• _RECORDS FOR THIS TASK_

Content starts

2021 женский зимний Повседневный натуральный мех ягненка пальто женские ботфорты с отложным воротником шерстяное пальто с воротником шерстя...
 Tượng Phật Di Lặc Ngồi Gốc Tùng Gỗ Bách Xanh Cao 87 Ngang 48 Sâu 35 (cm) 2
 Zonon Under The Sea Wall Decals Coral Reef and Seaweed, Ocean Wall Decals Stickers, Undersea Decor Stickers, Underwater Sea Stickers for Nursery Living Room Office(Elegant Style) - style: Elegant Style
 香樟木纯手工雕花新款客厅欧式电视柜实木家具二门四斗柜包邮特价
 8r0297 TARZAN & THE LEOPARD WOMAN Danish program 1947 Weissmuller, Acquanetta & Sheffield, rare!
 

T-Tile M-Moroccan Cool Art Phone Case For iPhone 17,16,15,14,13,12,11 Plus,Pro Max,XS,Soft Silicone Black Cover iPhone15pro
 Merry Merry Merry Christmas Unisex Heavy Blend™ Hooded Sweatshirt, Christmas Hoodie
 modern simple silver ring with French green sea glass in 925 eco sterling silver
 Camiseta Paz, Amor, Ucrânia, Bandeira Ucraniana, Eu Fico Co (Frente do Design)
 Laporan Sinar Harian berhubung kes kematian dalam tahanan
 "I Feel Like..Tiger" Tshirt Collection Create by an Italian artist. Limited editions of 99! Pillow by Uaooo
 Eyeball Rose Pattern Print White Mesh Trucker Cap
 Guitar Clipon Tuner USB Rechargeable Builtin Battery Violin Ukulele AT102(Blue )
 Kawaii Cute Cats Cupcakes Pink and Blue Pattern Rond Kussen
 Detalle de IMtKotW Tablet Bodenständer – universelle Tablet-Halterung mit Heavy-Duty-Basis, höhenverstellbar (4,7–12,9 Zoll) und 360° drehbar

Content ends

• _TASK DESCRIPTION_
From the entries above, copy out every line where the string "Pattern" appears.

• _ANSWER BELOW_
 Eyeball Rose Pattern Print White Mesh Trucker Cap
 Kawaii Cute Cats Cupcakes Pink and Blue Pattern Rond Kussen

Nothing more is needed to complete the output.